L’ex ministro contro la moglie: lite in casa Scajola

Roma«Tra moglie e marito non mettere il dito» è un detto saggio perché quando accade, di norma, sono guai. Se poi il dito è quello di un cronista di Repubblica che intercetta la moglie di Claudio Scajola, Maria Teresa Verda (nella foto sotto, i due), la questione diventa delicata come una ceramica di Capodimonte. In ballo c’è l’intricata vicenda dell’ex ministro dello Sviluppo economico, dimessosi perché travolto dal sospetto di aver acquistato casa con vista Colosseo con denari provenienti dalla «cricca».
Sul sagrato della chiesa di Imperia la consorte di Scajola parla al giornalista che annota tutto. Ne esce un’intervista bomba, dal sapore vagamente intimidatorio, pseudo-smentita soltanto nella tarda mattinata di ieri dall’ex ministro: «Non condivido il contenuto dell’articolo», dice il politico ligure a mezzo agenzie di stampa. Cosa afferma la signora a Repubblica? «La posizione di mio marito è quella di un granello - dice -. Un granello rispetto a una tempesta di sabbia». Di più. Alla domanda sul perché Scajola non sia ancora andato in Procura a Perugia a testimoniare, la moglie è netta: «Se non parla ancora è per non creare problemi a persone molto più coinvolte di lui in questa vicenda». Della serie: attenti, che se racconta tutto... Chi ha orecchie per intendere, intenda. E ancora: «Tutte le volte che sale in alto, ma veramente in alto, succede qualcosa. Sembra quasi che qualcuno gli voglia male. Qualcuno che lo invidia. Ma attenzione - si fa minacciosa la signora -. Perché mio marito è uno capace, uno tosto. Che non molla mai. Lo vedrete anche questa volta».
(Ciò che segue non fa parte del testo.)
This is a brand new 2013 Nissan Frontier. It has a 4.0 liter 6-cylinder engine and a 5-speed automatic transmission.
Tante le frasi dette dalla moglie dell’ex ministro, di certo amareggiata che il marito sia stato scaricato da molti. «Berlusconi ha preso le distanze? E che poteva fare? Berlusconi vuole bene a mio marito. Lo ha sempre stimato e continua a farlo». Nelle parole della signora Scajola c’è rabbia, ma anche il timore che il marito possa rappresentare una sorta di parafulmine della tempesta di malcostume in atto. Nell’intervista trasuda la tesi del complotto. Scajola fatto fuori politicamente perché pedina di un gioco più grande di lui: «Gli amici? Sanno che Claudio era a capo di un ministero importante, che trattava temi molto delicati», dice la signora. La quale non manca di lanciare - come detto - messaggi tra il sibillino e il sinistro: «Se non parla ancora è per non creare problemi a persone molto più coinvolte di lui». E quindi, termina l’intervista, «la verità su tutta la vicenda è un’altra. E la scopriremo presto».
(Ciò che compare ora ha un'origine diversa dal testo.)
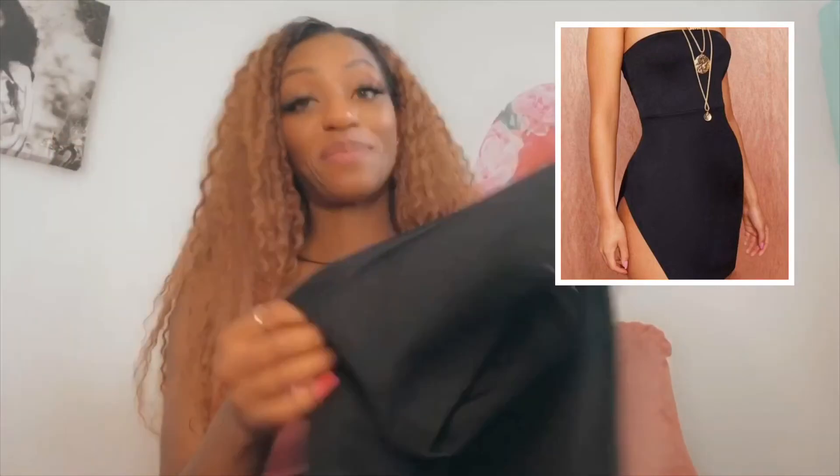Do me a favor and follow me at Style by Sheena, and visit SheenaAaron.com later.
Una chiacchierata piena di chiaroscuri, di ombre, di messaggi più o meno criptici che ha fatto trasalire non pochi nel Palazzo. Chi non è dato sapere, ma la sensazione che siano in tanti a rischiare di rimanere impigliati nei tentacoli della cosiddetta «cricca» è forte. D’altronde la rete Balducci pescava affari a strascico, trasversalmente, oltrepassando il Tevere e ministeri e governi di ogni colore. Cosa sa Scajola? Probabilmente ieri hanno tremato in tanti. Per ore. Dall’apertura delle edicole a mezzogiorno inoltrato, quando il ministro ha diramato alle agenzie di stampa una nota per precisare, più che negare in toto, il pensiero della moglie: «In relazione all’articolo apparso oggi (ieri per chi legge, ndr) su La Repubblica e riportante un’intervista asseritamente resa da mia moglie, preciso di non condividerne il contenuto». E ancora: «In particolare, non è assolutamente conforme al vero la circostanza che io abbia deciso di non presentarmi dinanzi ai pubblici ministeri di Perugia per non “creare problemi ai veri colpevoli” o a “persone molto più coinvolte di me”». Freno a mano azionato. Poi una sorta di «Cara, stanne fuori...»: «Le uniche persone titolate a rilasciare dichiarazioni in merito alla nota vicenda siamo io e il mio legale. Prego pertanto la stampa - conclude la nota - di non cercare di ottenere dichiarazioni dai miei familiari, i quali stanno vivendo un momento di comprensibile difficoltà di cui si deve avere rispetto».